▶ [Work item]
Output the data below exactly, without images.

▶ [Recorded data]
---*---
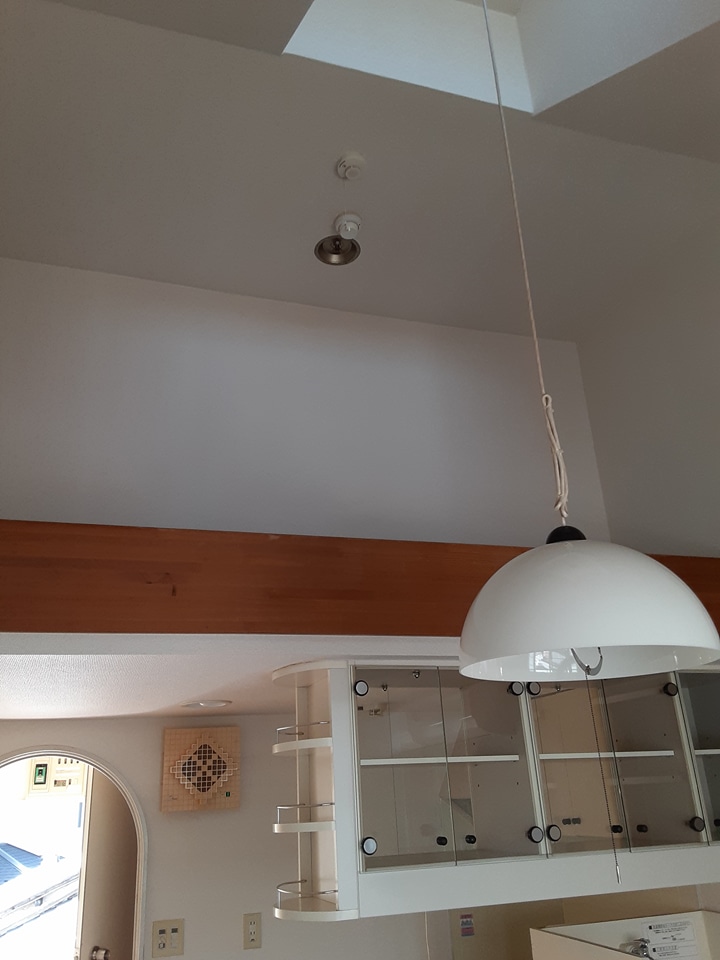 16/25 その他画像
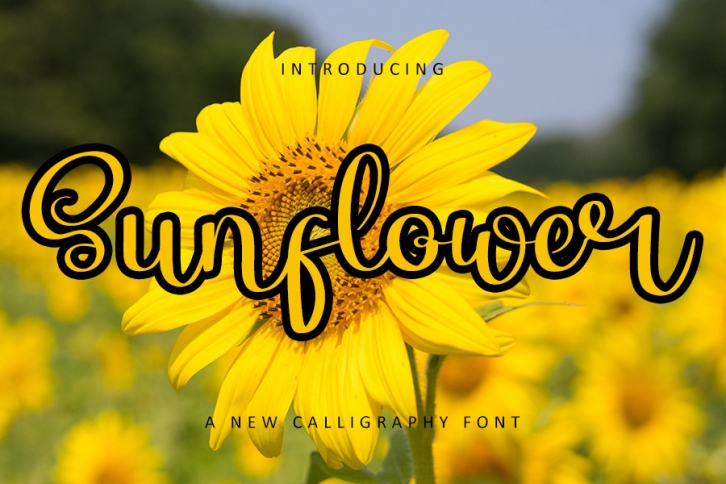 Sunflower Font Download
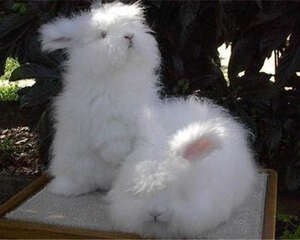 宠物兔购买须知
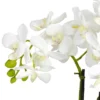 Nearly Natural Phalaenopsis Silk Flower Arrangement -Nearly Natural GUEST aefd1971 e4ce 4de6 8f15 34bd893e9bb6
---*---
▶ [Answer space]
 16/25 その他画像
 Sunflower Font Download
 宠物兔购买须知
 Nearly Natural Phalaenopsis Silk Flower Arrangement -Nearly Natural GUEST aefd1971 e4ce 4de6 8f15 34bd893e9bb6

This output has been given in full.